COLLECTED DATA:
────────────────────
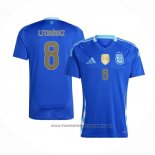 Argentina Player E.fernandez Away Shirt 2024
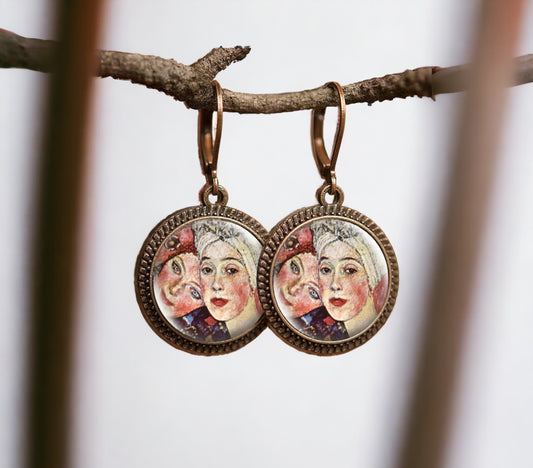 Boucles d'oreilles "Les Amies" - Gustav Klimt Galartaura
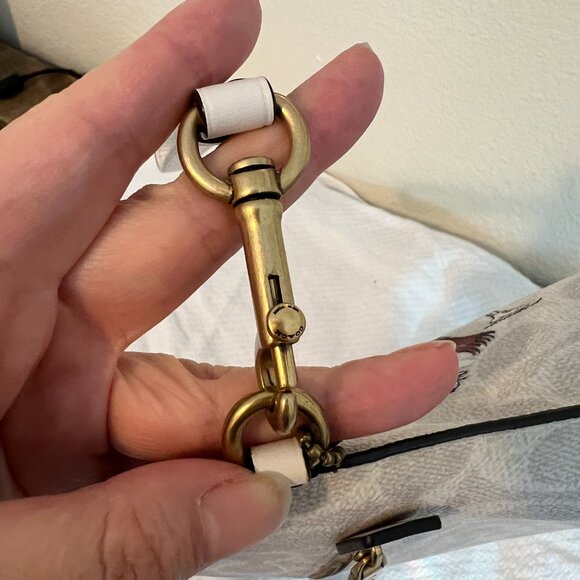 Coach Skating Skeletons Wristlet - Picture 5 of 16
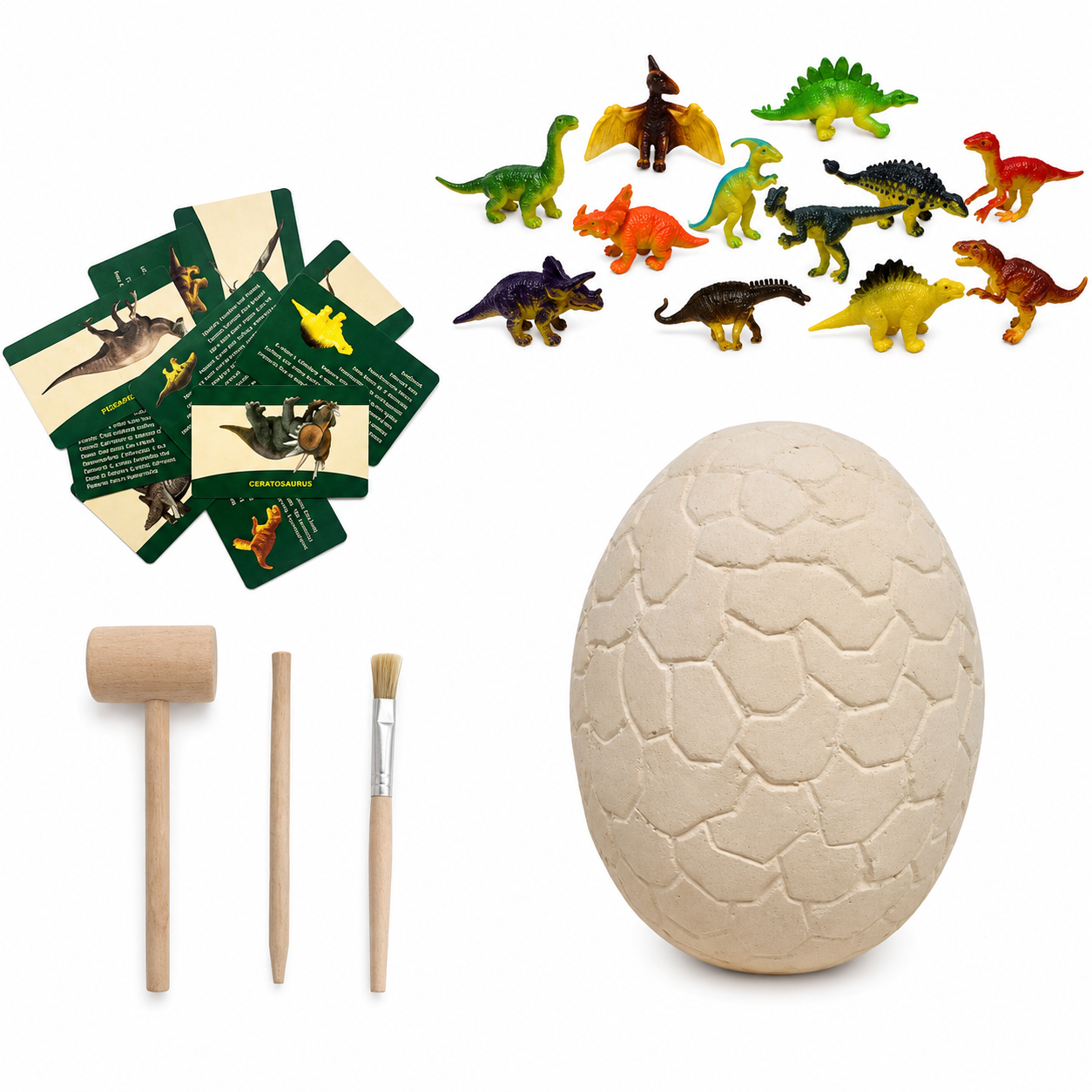 Jumbo Dino Egg Dig Kit with 14 Dinosaurs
────────────────────
TASK DIRECTIONS: Reproduce the whole listing exactly, but not the images in it.

OUTPUT OF THE EXERCISE:
 Argentina Player E.fernandez Away Shirt 2024
 Boucles d'oreilles "Les Amies" - Gustav Klimt Galartaura
 Coach Skating Skeletons Wristlet - Picture 5 of 16
 Jumbo Dino Egg Dig Kit with 14 Dinosaurs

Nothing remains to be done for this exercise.